La représentante souligne que la demanderesse principale a le soutien de la province ayant délivré le certificat de désignation, et soutient qu’il [traduction] « faut accorder un poids important à la décision du Programme Candidats immigrants pour la Saskatchewan (PCIS) de sélectionner Mme Nisreen pour la résidence permanente, et de continuer de lui offrir son soutien ». La représentante affirme que « les propres documents de CIC » indiquent que la province ayant délivré le certificat de désignation est la mieux placée pour déterminer qui est le plus susceptible de réussir son établissement économique, et cite le guide OP 7-B qui indique que « [l]es agents d’immigration peuvent présumer qu’un candidat désigné par une province a [...] selon l’opinion des représentants de la province, [...] de fortes chances de réussir son établissement sur le plan économique au Canada ». Conformément aux termes de l’Accord Canada-Saskatchewan en matière d’immigration, le Canada a accepté (par l’entremise d’IRCC) que la sélection par la province de la demanderesse principale constitue un indicateur initial de sa capacité à réussir son établissement économique. Cependant, toujours conformément à l’Accord Canada-Saskatchewan en matière d’immigration, c’est le Canada qui doit exercer le pouvoir ultime de décision, nonobstant le pouvoir de désignation de la province. Lorsque le fait qu’un ressortissant étranger est nommé dans un certificat de désignation ne constitue pas un indicateur suffisant de son aptitude à réussir son établissement économique, l’agent peut substituer aux critères prévus dans la réglementation en matière d’immigration sa propre appréciation de l’aptitude de cette personne à réussir son établissement économique au Canada.
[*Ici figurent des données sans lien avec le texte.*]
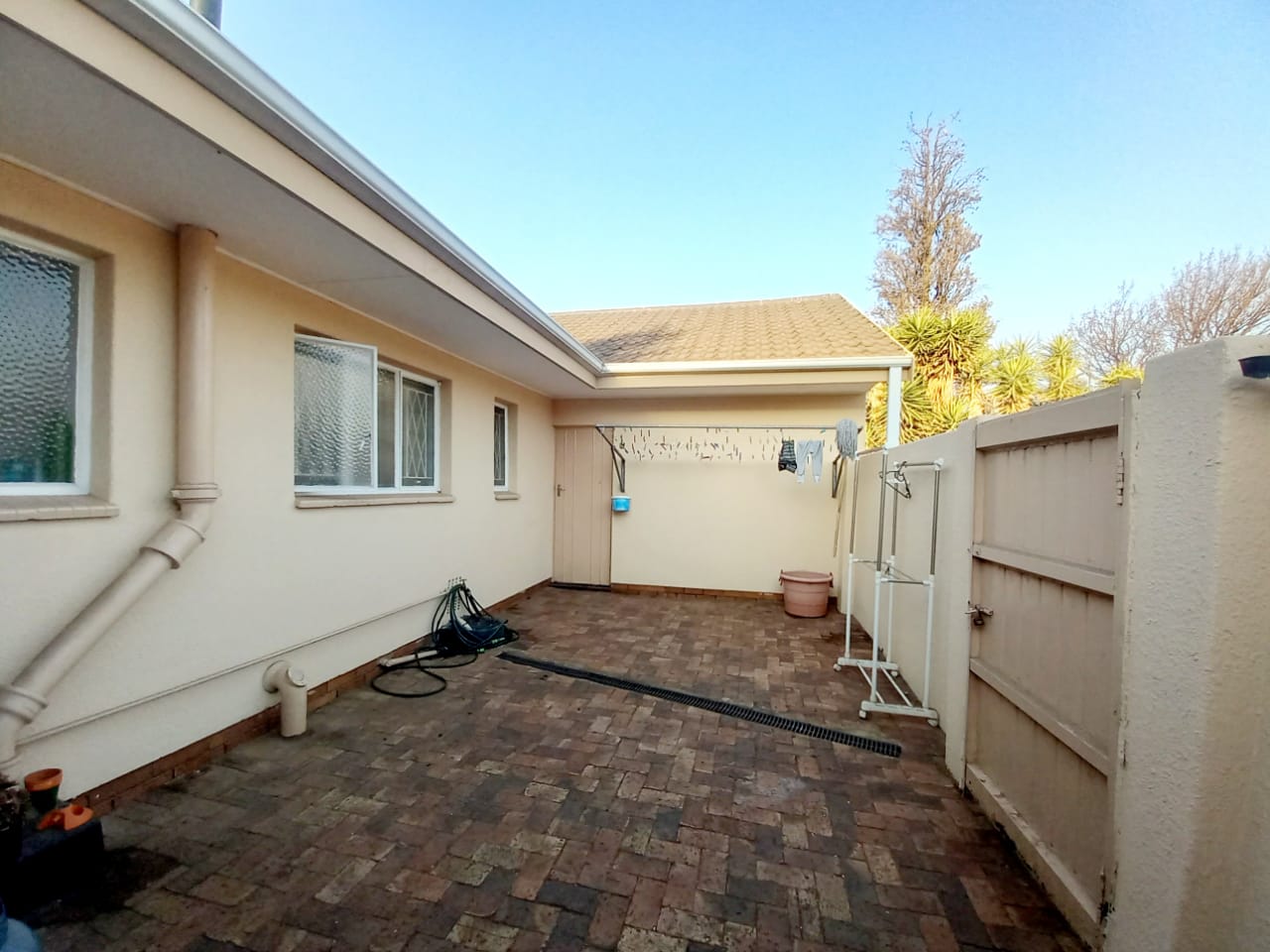 4 Bedroom House for sale in Vanderbijlpark SE 7 P24113209612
En l’espèce, l’agent n’était pas convaincu que la désignation de la demanderesse principale par la Saskatchewan constituait un indicateur suffisant de sa capacité à réussir son établissement économique, et a présenté à la demanderesse principale et à la province les raisons de sa décision et leur a offert la possibilité de répondre à ces réserves [...].

[50] Je ne vois dans ces motifs aucune erreur susceptible de contrôle.
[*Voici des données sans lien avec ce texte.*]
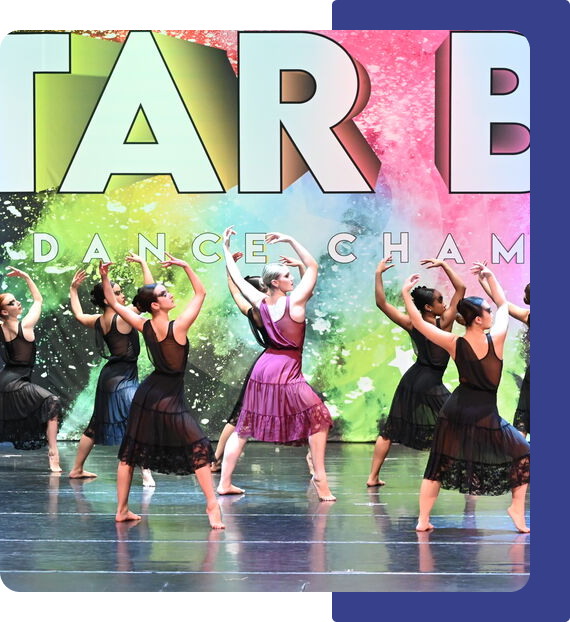 Multi Style Dance Classes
B. Manquement à l’équité procédurale

[51] Les demandeurs ont présenté des observations détaillées à ce sujet :

[traduction]
22. L’agent des visas a manqué à son obligation d’équité procédurale en n’informant pas Mme Nisreen qu’il entendait s’appuyer sur le seuil de faible revenu pour déterminer si son revenu projeté serait suffisant pour lui permettre de réussir son établissement économique.
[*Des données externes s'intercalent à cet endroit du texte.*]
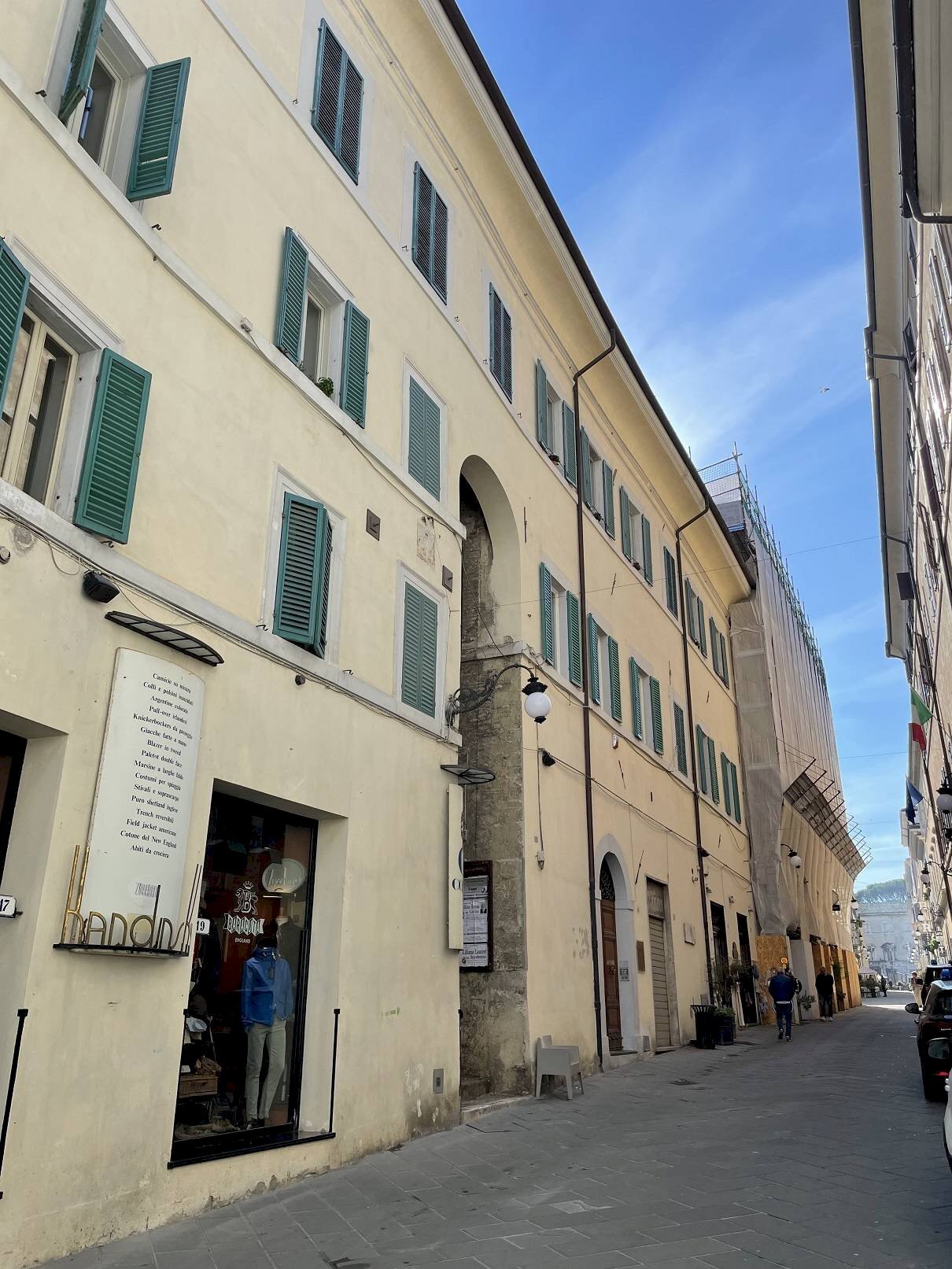 Apartment Corso Giuseppe Mazzini, Spoleto - photo 2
23. Même si l’agent des visas affirme qu’il craignait que l’emploi ne soit pas [traduction] « suffisant [...] pour réussir son établissement économique », il ne peut être affirmé que cette déclaration a fourni un avis de son intention de s’appuyer sur le seuil de faible revenu, lequel ne permet pas de déterminer, de façon claire et directe, la probabilité de réussir son établissement économique. Il est révélateur que l’agent des visas ait apparemment adopté une condition très claire concernant un revenu projeté minimum, mais qu’il ait refusé d’en informer Mme Nisreen dans la lettre relative à l’équité procédurale.

24. Il ne peut être affirmé que la condition relative au seuil de faible revenu que l’agent des visas a appliquée découle directement des exigences de la loi ou du règlement connexe. Il n’existe aucune exigence en matière de revenu minimum pour les candidats des provinces, et il n’est pas indiqué que le seuil de faible revenu sera retenu pour déterminer le revenu minimum exigé.

25. Il n’y a également aucune raison justifiant que la demanderesse ou son avocat aurait pu prévoir que l’agent des visas invoquerait le seuil de faible revenu de cette façon.

26. Le seuil de faible revenu est une mesure produite par Statistique Canada, qui en donne la définition suivante :

Les seuils de faible revenu (SFR) sont des limites de revenu en deçà duquel une famille est susceptible de consacrer une part plus importante de son revenu à l’achat de nécessités comme la nourriture, le logement et l’habillement qu’une famille moyenne. L’approche consiste essentiellement à estimer un seuil de revenu à partir duquel on s’attend à ce que les familles dépensent 20 points de plus que la famille moyenne pour l’alimentation, le logement et l’habillement.

[…]

28. Il n’y a aucune exigence, en vertu de la loi ou de la réglementation sur l’immigration, indiquant que les candidats des provinces doivent atteindre un niveau particulier de revenu projeté pour démontrer qu’ils ont réussi leur établissement économique. De plus, la lettre préalable au refus envoyée à Mme Nisreen ne précise pas que l’agent des visas définissait ainsi l’établissement économique.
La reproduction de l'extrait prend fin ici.